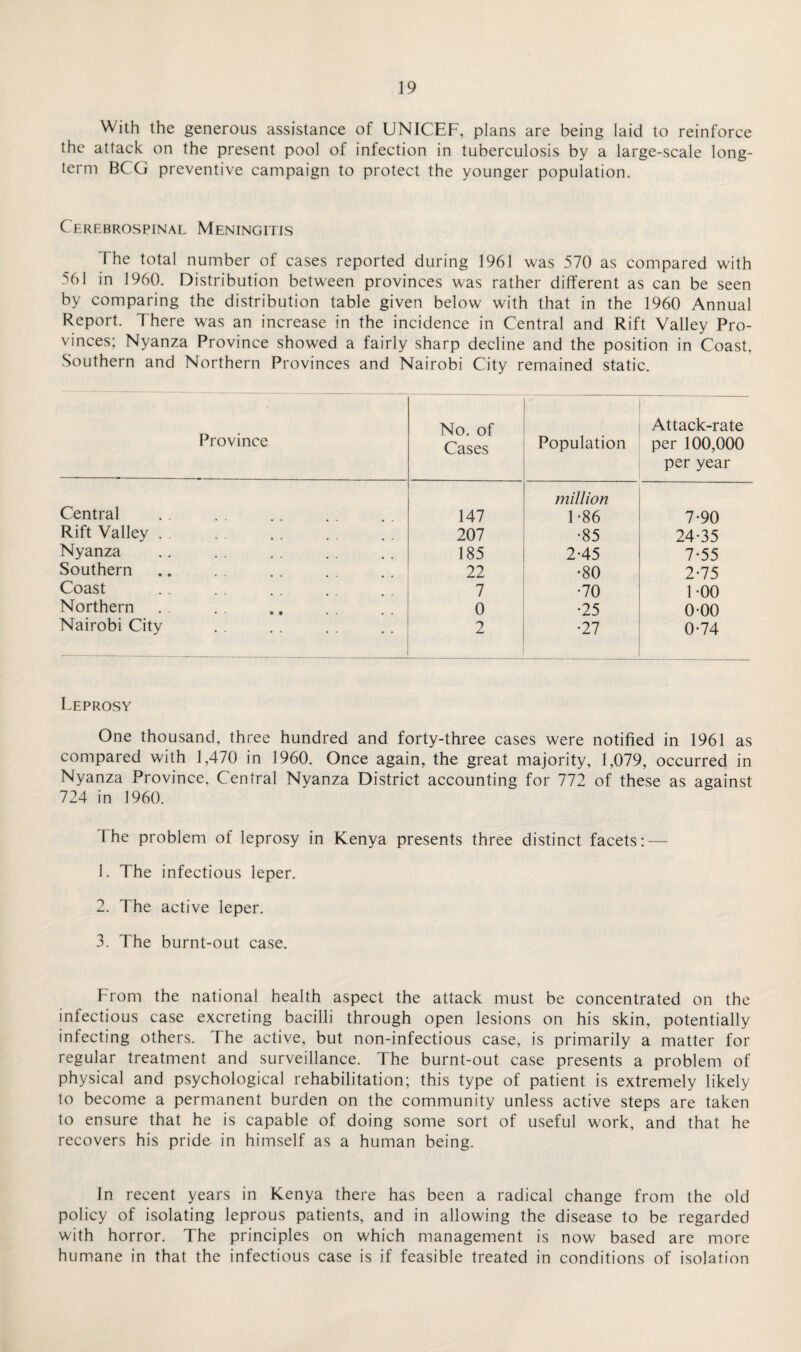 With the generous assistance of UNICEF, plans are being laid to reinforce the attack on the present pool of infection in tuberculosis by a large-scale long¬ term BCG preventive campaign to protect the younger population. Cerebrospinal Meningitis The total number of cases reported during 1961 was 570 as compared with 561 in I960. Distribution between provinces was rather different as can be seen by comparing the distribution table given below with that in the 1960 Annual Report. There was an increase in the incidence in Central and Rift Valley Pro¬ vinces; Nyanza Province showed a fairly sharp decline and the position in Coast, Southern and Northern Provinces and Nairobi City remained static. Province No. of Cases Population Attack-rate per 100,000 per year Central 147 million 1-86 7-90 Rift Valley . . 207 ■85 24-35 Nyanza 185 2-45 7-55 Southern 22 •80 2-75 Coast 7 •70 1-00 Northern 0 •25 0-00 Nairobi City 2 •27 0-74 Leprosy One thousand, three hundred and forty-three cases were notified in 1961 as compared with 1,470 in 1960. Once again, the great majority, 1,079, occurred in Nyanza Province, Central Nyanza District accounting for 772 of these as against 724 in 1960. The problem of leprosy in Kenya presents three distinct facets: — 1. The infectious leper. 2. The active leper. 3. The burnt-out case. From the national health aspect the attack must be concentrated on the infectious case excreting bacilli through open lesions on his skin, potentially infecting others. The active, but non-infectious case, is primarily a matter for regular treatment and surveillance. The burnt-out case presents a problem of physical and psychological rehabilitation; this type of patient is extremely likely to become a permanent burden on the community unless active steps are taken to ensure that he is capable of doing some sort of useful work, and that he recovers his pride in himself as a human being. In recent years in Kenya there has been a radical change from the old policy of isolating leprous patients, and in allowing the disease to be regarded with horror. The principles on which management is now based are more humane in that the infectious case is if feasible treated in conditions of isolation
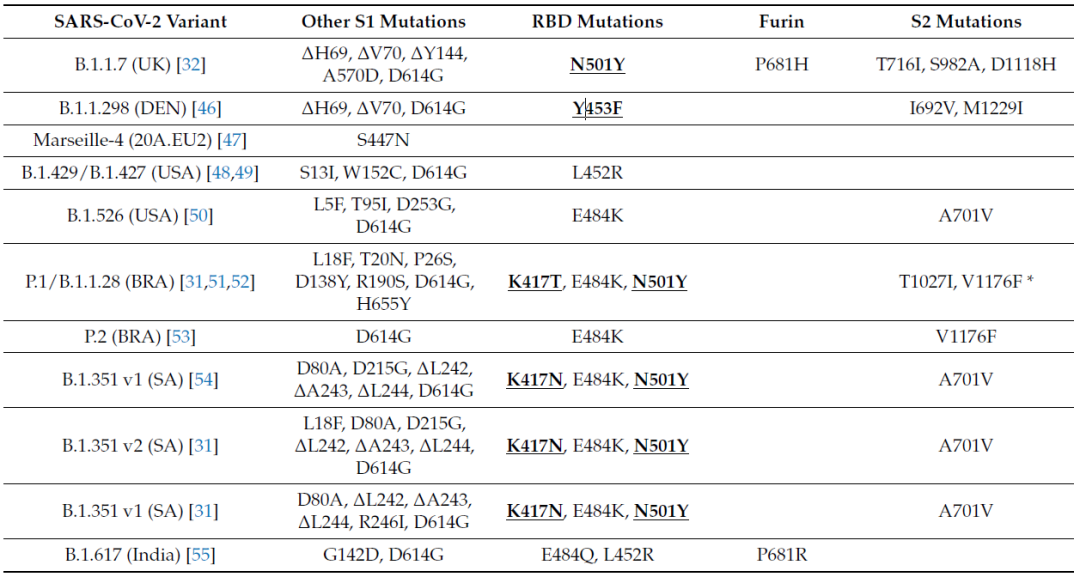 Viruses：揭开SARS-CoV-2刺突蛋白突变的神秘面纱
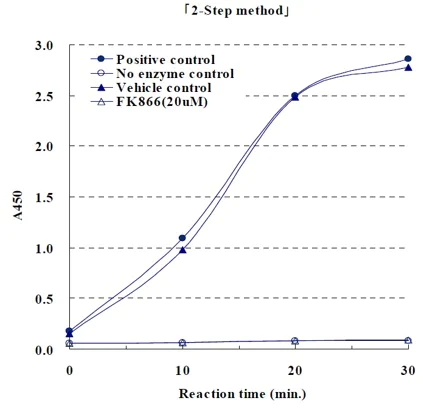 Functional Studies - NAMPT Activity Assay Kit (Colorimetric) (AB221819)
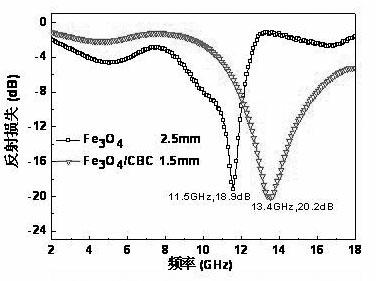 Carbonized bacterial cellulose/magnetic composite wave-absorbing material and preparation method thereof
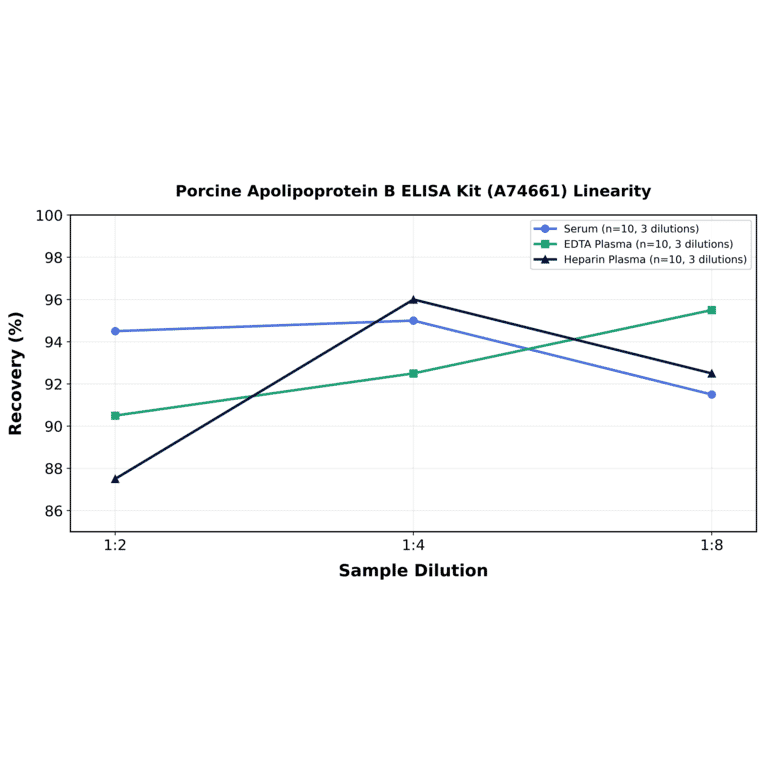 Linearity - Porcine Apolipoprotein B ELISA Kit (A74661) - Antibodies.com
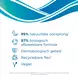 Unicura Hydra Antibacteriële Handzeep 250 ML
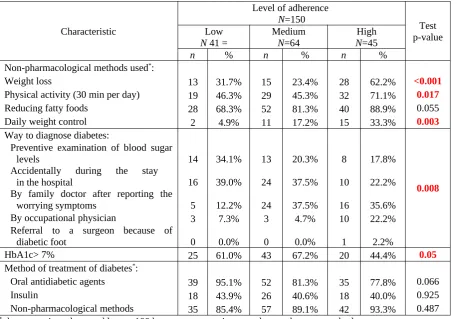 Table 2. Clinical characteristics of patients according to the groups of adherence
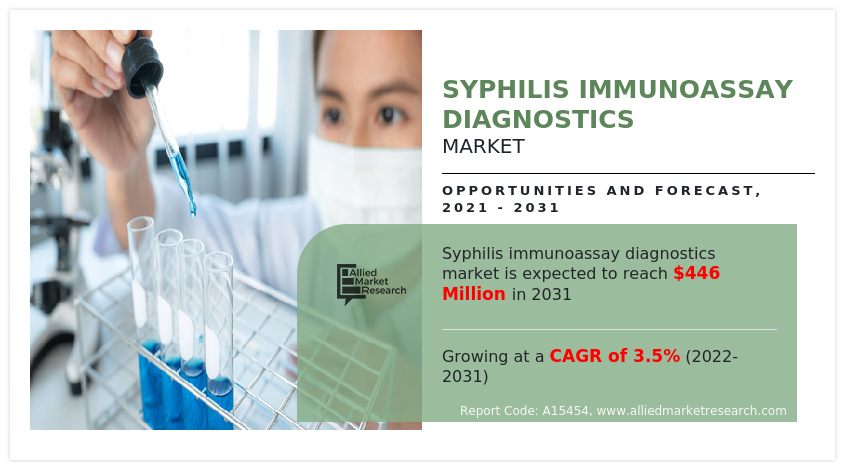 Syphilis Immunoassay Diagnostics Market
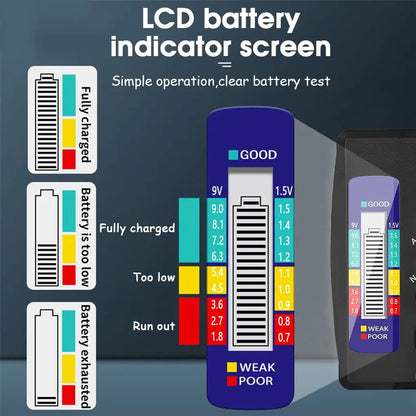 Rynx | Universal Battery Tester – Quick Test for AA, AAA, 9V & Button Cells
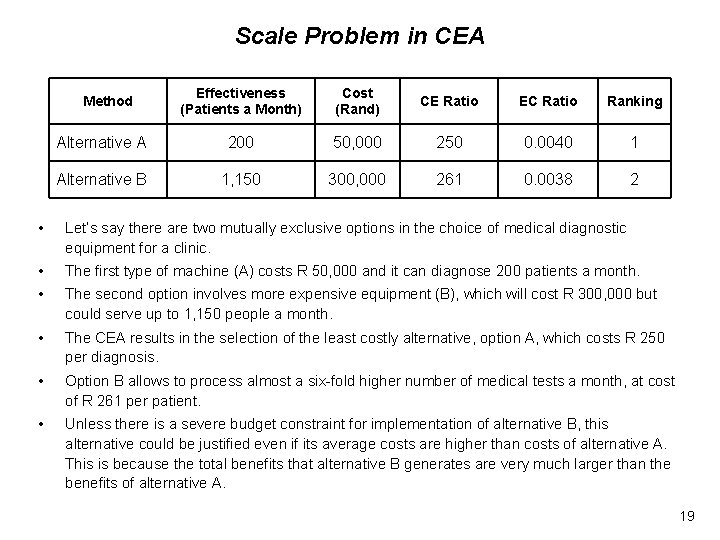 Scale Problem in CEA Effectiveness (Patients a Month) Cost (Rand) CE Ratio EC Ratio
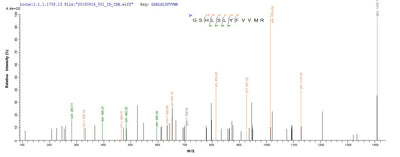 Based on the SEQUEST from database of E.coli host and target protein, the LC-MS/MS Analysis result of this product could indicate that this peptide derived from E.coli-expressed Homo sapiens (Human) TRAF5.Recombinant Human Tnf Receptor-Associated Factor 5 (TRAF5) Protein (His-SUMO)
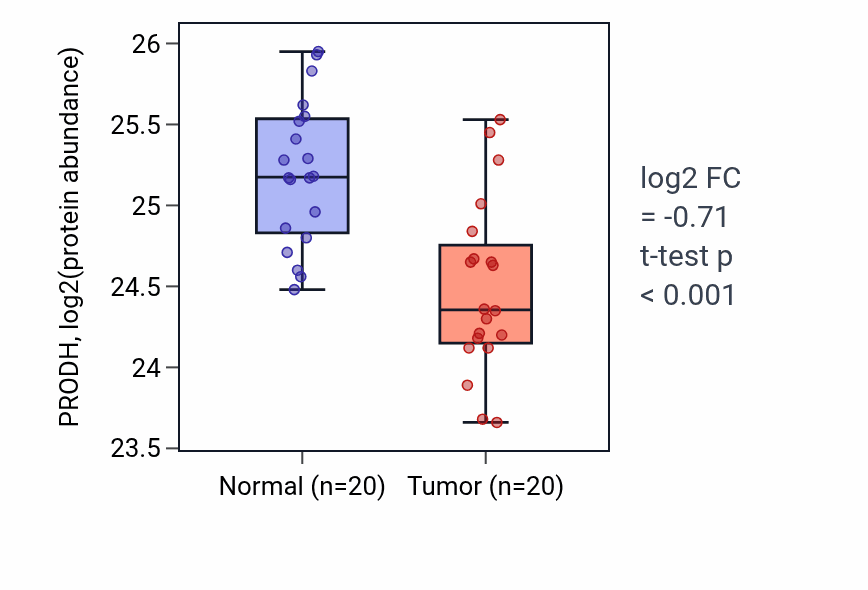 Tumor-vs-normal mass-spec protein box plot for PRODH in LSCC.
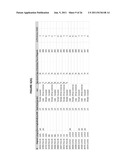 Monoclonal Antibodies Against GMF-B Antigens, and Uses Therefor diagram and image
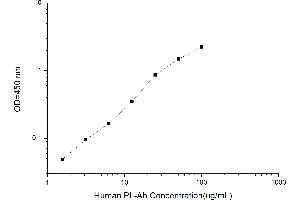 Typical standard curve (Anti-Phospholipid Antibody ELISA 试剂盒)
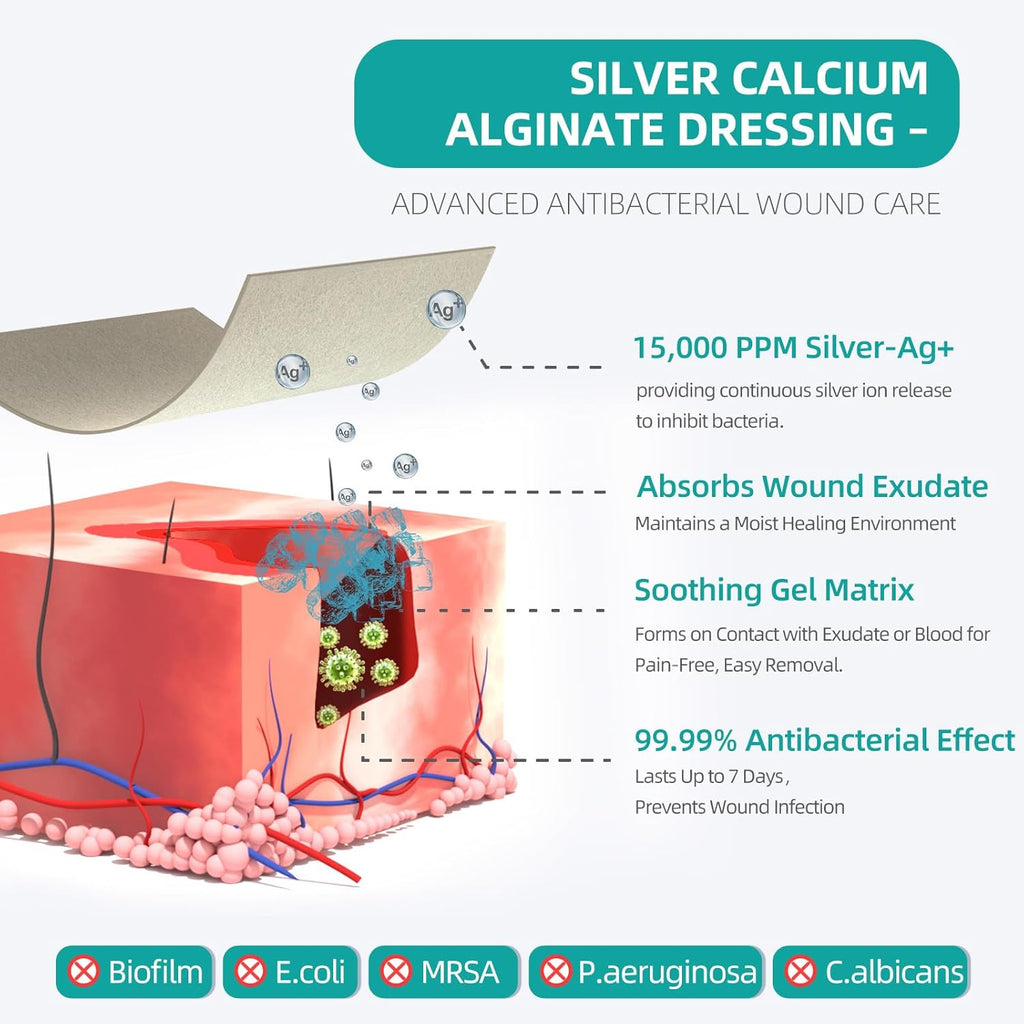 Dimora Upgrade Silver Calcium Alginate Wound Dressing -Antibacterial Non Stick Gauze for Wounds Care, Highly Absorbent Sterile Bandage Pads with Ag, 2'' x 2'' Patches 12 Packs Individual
━━━━━━━━━━━━━━━━━━━━━━━━━━━━━━
### WORK REQUIRED
Every line above needs to be written out again as it stands. Pictures do not belong in the copy.

### EXERCISE RESPONSE
 With the generous assistance of UNICEF, plans are being laid to reinforce the attack on the present pool of infection in tuberculosis by a large-scale long¬ term BCG preventive campaign to protect the younger population. Cerebrospinal Meningitis The total number of cases reported during 1961 was 570 as compared with 561 in I960. Distribution between provinces was rather different as can be seen by comparing the distribution table given below with that in the 1960 Annual Report. There was an increase in the incidence in Central and Rift Valley Pro¬ vinces; Nyanza Province showed a fairly sharp decline and the position in Coast, Southern and Northern Provinces and Nairobi City remained static. Province No. of Cases Population Attack-rate per 100,000 per year Central 147 million 1-86 7-90 Rift Valley . . 207 ■85 24-35 Nyanza 185 2-45 7-55 Southern 22 •80 2-75 Coast 7 •70 1-00 Northern 0 •25 0-00 Nairobi City 2 •27 0-74 Leprosy One thousand, three hundred and forty-three cases were notified in 1961 as compared with 1,470 in 1960. Once again, the great majority, 1,079, occurred in Nyanza Province, Central Nyanza District accounting for 772 of these as against 724 in 1960. The problem of leprosy in Kenya presents three distinct facets: — 1. The infectious leper. 2. The active leper. 3. The burnt-out case. From the national health aspect the attack must be concentrated on the infectious case excreting bacilli through open lesions on his skin, potentially infecting others. The active, but non-infectious case, is primarily a matter for regular treatment and surveillance. The burnt-out case presents a problem of physical and psychological rehabilitation; this type of patient is extremely likely to become a permanent burden on the community unless active steps are taken to ensure that he is capable of doing some sort of useful work, and that he recovers his pride in himself as a human being. In recent years in Kenya there has been a radical change from the old policy of isolating leprous patients, and in allowing the disease to be regarded with horror. The principles on which management is now based are more humane in that the infectious case is if feasible treated in conditions of isolation
 Viruses：揭开SARS-CoV-2刺突蛋白突变的神秘面纱
 Functional Studies - NAMPT Activity Assay Kit (Colorimetric) (AB221819)
 Carbonized bacterial cellulose/magnetic composite wave-absorbing material and preparation method thereof
 Linearity - Porcine Apolipoprotein B ELISA Kit (A74661) - Antibodies.com
 Unicura Hydra Antibacteriële Handzeep 250 ML
 Table 2. Clinical characteristics of patients according to the groups of adherence
 Syphilis Immunoassay Diagnostics Market
 Rynx | Universal Battery Tester – Quick Test for AA, AAA, 9V & Button Cells
 Scale Problem in CEA Effectiveness (Patients a Month) Cost (Rand) CE Ratio EC Ratio
 Based on the SEQUEST from database of E.coli host and target protein, the LC-MS/MS Analysis result of this product could indicate that this peptide derived from E.coli-expressed Homo sapiens (Human) TRAF5.Recombinant Human Tnf Receptor-Associated Factor 5 (TRAF5) Protein (His-SUMO)
 Tumor-vs-normal mass-spec protein box plot for PRODH in LSCC.
 Monoclonal Antibodies Against GMF-B Antigens, and Uses Therefor diagram and image
 Typical standard curve (Anti-Phospholipid Antibody ELISA 试剂盒)
 Dimora Upgrade Silver Calcium Alginate Wound Dressing -Antibacterial Non Stick Gauze for Wounds Care, Highly Absorbent Sterile Bandage Pads with Ag, 2'' x 2'' Patches 12 Packs Individual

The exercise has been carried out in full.